Na denuncia é referido que Conselho de Administração da ULSBA, “foi todo vacinado à frente de vários médicos, enfermeiros e funcionários da linha da frente”. Referindo os mesmos do CA “não têm contacto com doentes”.

O email refere também que o coordenador regional do DICAD da ARS Alentejo, João Sardica, foi vacinado “devido a valer da sua posição na direcção do Lar Nobre Freire, onde trabalha”.

Referente à denuncia a Planície tentou entrar em contacto com o Conselho de Administração da Unidade Local de Saúde do Baixo-Alentejo (ULSBA) e o Coordenador Regional da Toxicodependência, não tendo sido possível até à data de hoje.

Mas segundo declarações prestadas à Rádio Voz da Planície, de Beja, ambos os casos confirmam a vacinação e explicam motivos pelos quais foram contemplados.

“Relativamente a email de denúncia a propósito de actos indevidos na administração de vacinas na Unidade Local de Saúde do Baixo Alentejo, o Conselho de Administração repudia tais afirmações, esclarecendo que: foi vacinado o Conselho de Administração da ULSBA, à excepção de um membro do CA que não quis.

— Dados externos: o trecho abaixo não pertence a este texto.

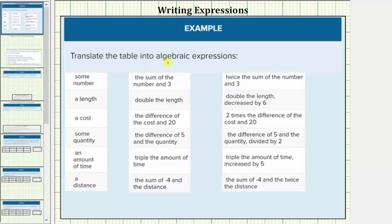We're asked to translate the table into algebraic expressions, and we'll consider one row at a time. We first need an algebraic expression for some number, because the number is unknown. Let's use the variable n to represent some number. Next we have the sum of the number n and three. Sum means addition, so the expression would be n plus three for the sum of the number n and three.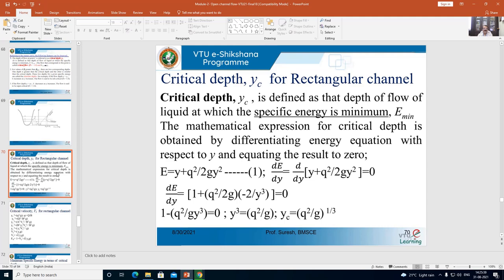The equation for critical depth is obtained by differentiating equation 1 with respect to y and equating to zero. So dE/dy = d/dy [y + q²/(2gy²)] = 0. Differentiating gives dE/dy = 1 + q²/2g · (−2/y³) = 0. Simplifying: 1 − q²/(g·y³) = 0.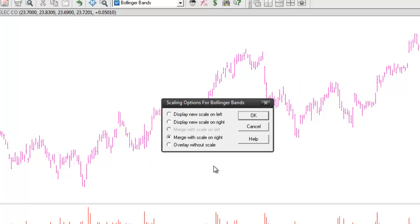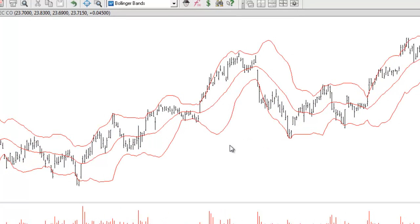I'll click OK. Whenever you get prompted about how you're going to plot a moving average on a price chart, you always want to merge it with the scale. If you choose to overlay it without a scale, the indicator will not be plotted correctly. So in this case I'll choose merge with the scale on the right and click OK.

No entanto, é categoricamente falso que o Conselho de Administração tenha sido vacinado à frente de profissionais de saúde que estão na linha da frente de combate à Covid-19; todos os profissionais de saúde da linha da frente, elegíveis para vacinação, já haviam sido vacinados, excepto os que recusaram a toma da mesma”. Referiu o Conselho de Administração da ULSBA.

João Sardica, coordenador regional do DICAD da ARS Alentejo, esclareceu que “foi vacinado no final do mês de Janeiro”, depois de ter sido “contactado” pelo seu “médico de família”, por ter “64 anos” e por ser “um doente de risco”. Avançou ter “problemas de coração” que o levaram mesmo a um “internamento, em 2019”. Explicou que levou a vacina, “na primeira fase do plano, que contempla como grupo prioritário de vacinação, os pacientes com 50 ou mais anos com pelo menos insuficiência cardíaca, doença coronária”, entre outras, por ser o seu caso. João Sardica revelou, ainda, que não pertence à direcção do Nobre Freire "há mais de dois anos".